The music defined the evening; revellers danced the night away to a blend of jazz, soul and funk at the self proclaimed ‘funkiest club South of the North Pole’. That club was the now legendary Jelly Jazz.
…the self proclaimed ‘funkiest club South of the North Pole
To get a pound off entry on the door I signed up for the Jelly Jazz mailing list in my first year and, aside from the perks of cheap entry, I also received a regular newsletter in the post. Accompanying the newsletter would be a set of colourful flyers for upcoming months’ events and sessions designed by resident DJ and Jelly Jazz head honcho Pete Isaac and printed onto a thick, tactile uncoated stock.
The illustrations, layouts and stylised imagery were evocative of the soulful and passionate music of the 70s with more than a hint of BlueNote and Saul Bass in their design. The styling captivated my imagination and intrigued me – further inspiring my aspirations to be a designer.
Here you can see a selection of my favourite flyers from the Jelly Jazz back catalogue. If you like them, there’s a whole host more on the Jelly Jazz website (322 and counting!), please go and check them out.

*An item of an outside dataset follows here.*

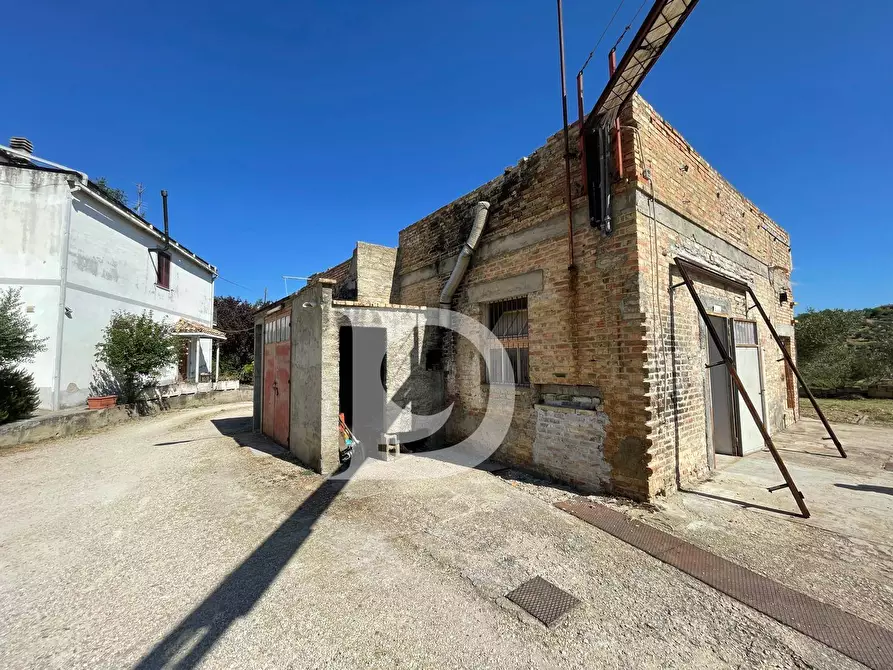 Immagine 57 di Casa semindipendente in vendita  in Contrada COLLEPALMA 6/7 a Loreto Aprutino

I love the quirky character with his saxophone, the delightfully muted green and dark brown colourscheme punctuated by the bright red type. So chilled out and cool!
Mexicana style with overprinted, bold colours and a funky mariachi skull!
Split red and white, I love the way the type cleverly follows the angle set by the neck of the double bass above.
Unfortunately the visual is quite poor quality but the layers of colour and illustration that make up this design give a great effect, topped off perfectly with a rustic outline of a record deck and energetic type.
Excellent homage to the classic Bluenote style.
Nice to see a take on the Christmas theme without red and green forming the basis of the colour scheme! I love the illustration, particularly the Christmas tree/iceberg poking out from under the water.
More Bluenote fun, but more modern and stylised than number 6 and almost resembling a Saul Bass poster with its slightly uneven, bold, solid bars of colour.
A modern interpretation of the classic red and black Jazz record sleeve featuring a masked off image of a musician. Smart stuff.
The image of the drummer featured on several other Jelly Jazz flyers but I always loved the colour combination and the spiral graphic uniting the ‘Bedrock’ style logo with the illustration on this one.
I’m not sure when this flyer was produced but it was certainly more recent than most above, and unfortunately after my membership ran out. In my mind it captures stylishly the look of Jelly Jazz – the style of illustration; the poise of the trombonist; the bold, lively type; the strong block colours and the limited, almost muted, colour palette. Definitely my favourite!